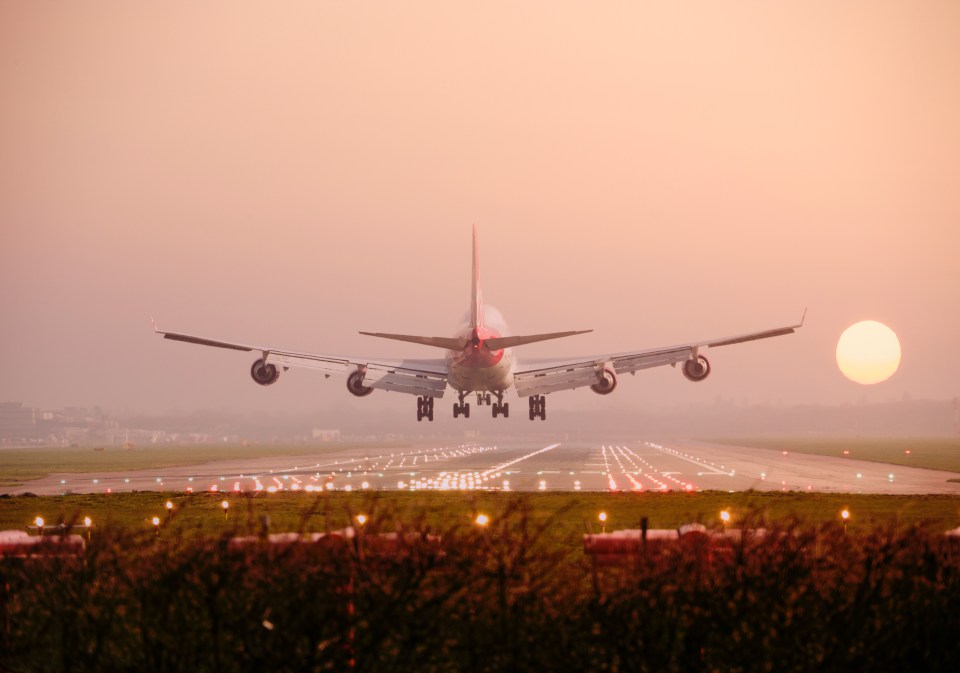 Boeing 747 landing at sunset.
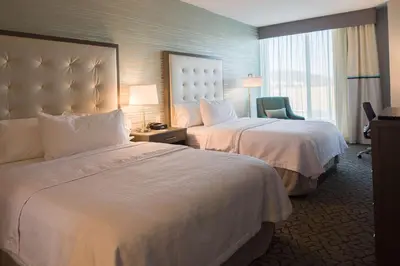 a hotel room with two beds and a chair at Homewood Suites By Hilton Allentown Bethlehem Center Valley in Center Valley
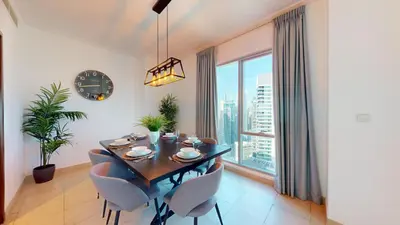 a dining room with a table and chairs and a large window at Paloma - Three Bed with Mesmerizing Marina View in Dubai
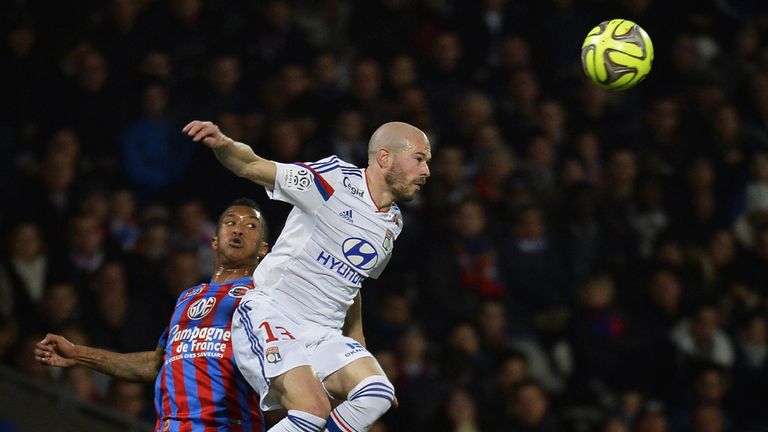 Lyon defender Christophe Jallet wins a header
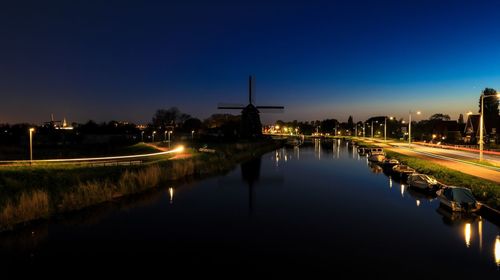 Reflection of illuminated buildings in water at night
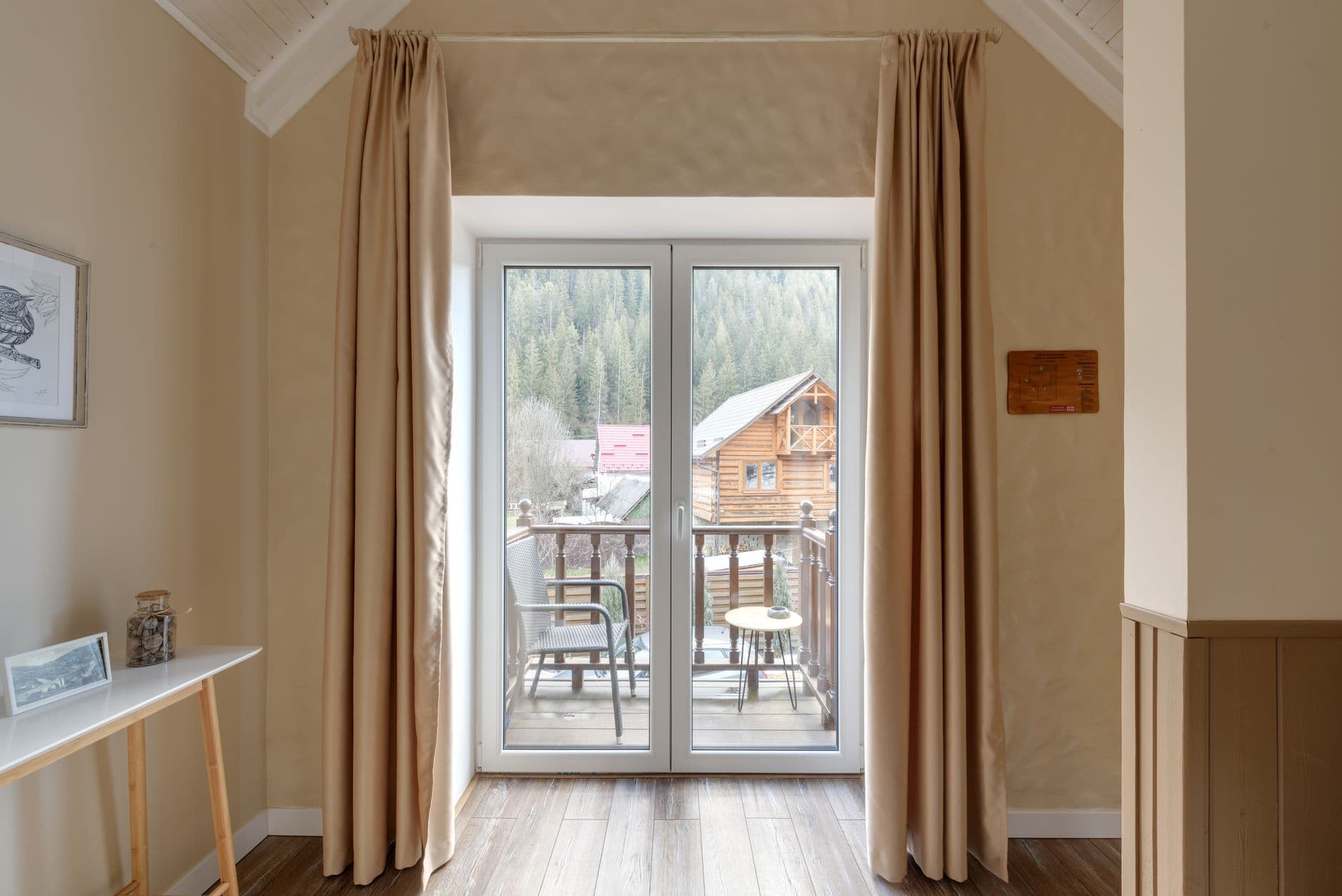 Puerta de balcón de dos hojas con cortinas beige y vistas a un bosque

===

• Aim of the task
Up to and including the line that contains "a dining room", print the records above exactly from their first line, without any pictures.

• Output of the task
 Boeing 747 landing at sunset.
 a hotel room with two beds and a chair at Homewood Suites By Hilton Allentown Bethlehem Center Valley in Center Valley
 a dining room with a table and chairs and a large window at Paloma - Three Bed with Mesmerizing Marina View in Dubai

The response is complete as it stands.